++++ Information given
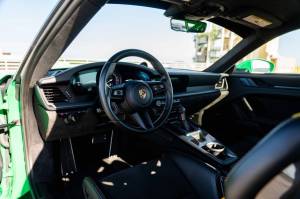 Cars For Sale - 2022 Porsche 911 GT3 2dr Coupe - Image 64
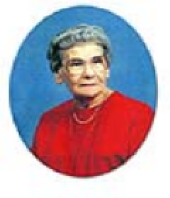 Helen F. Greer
++++++++
++++ Information given
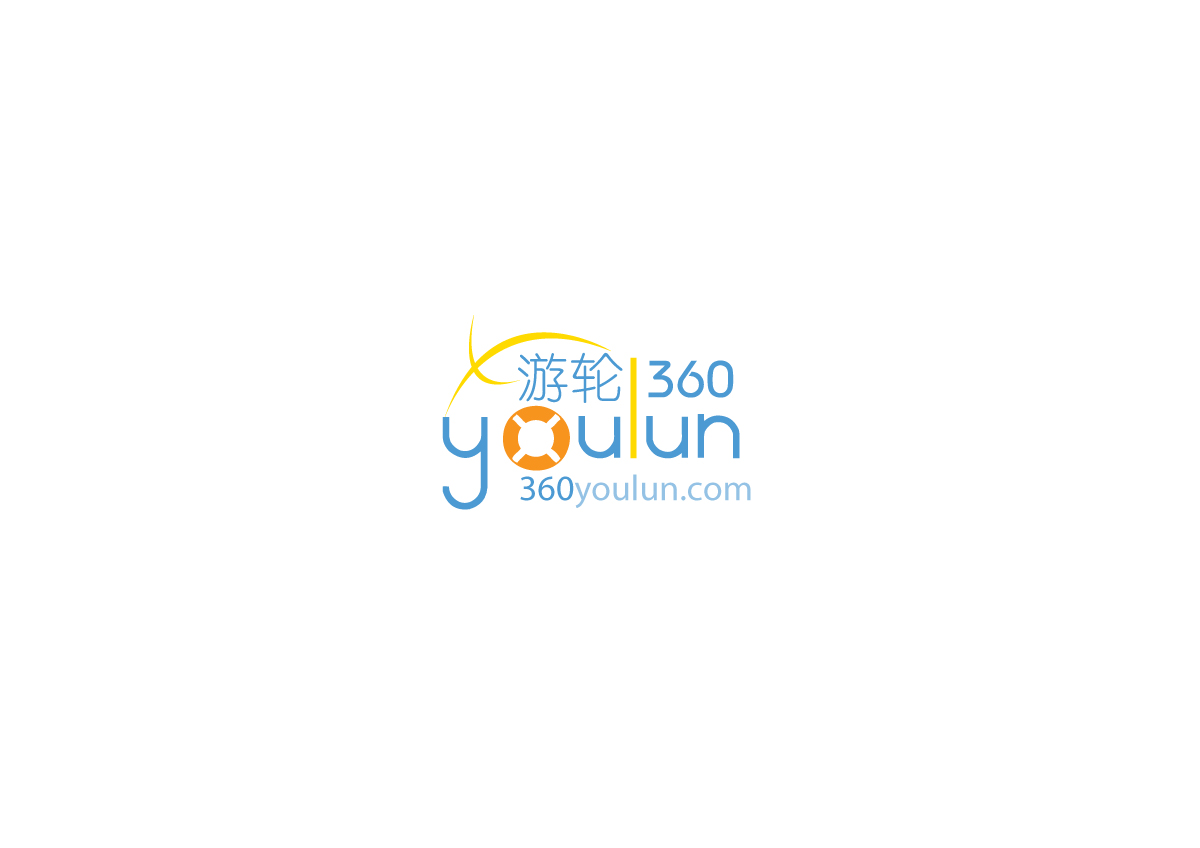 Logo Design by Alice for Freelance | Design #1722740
++++++++
++++ Information given
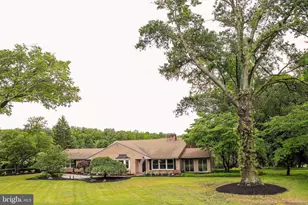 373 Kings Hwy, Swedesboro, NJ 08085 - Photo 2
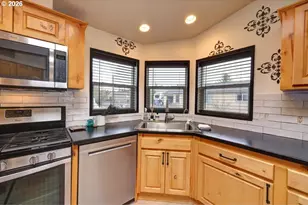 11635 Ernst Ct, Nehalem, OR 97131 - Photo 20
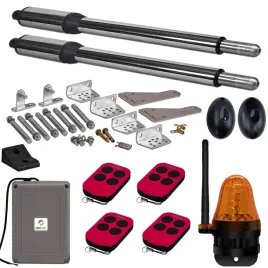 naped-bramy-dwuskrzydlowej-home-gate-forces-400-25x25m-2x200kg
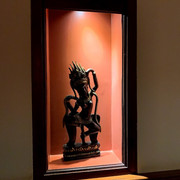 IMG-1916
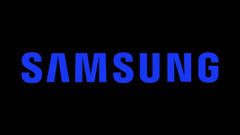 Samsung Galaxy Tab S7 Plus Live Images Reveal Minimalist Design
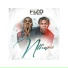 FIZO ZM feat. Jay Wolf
++++++++
Work task
Copy nothing but the lines above that run from the one with "Cars For Sale" to the one with "Helen F. Greer", ends included; pictures stay out.

Exercise response
 Cars For Sale - 2022 Porsche 911 GT3 2dr Coupe - Image 64
 Helen F. Greer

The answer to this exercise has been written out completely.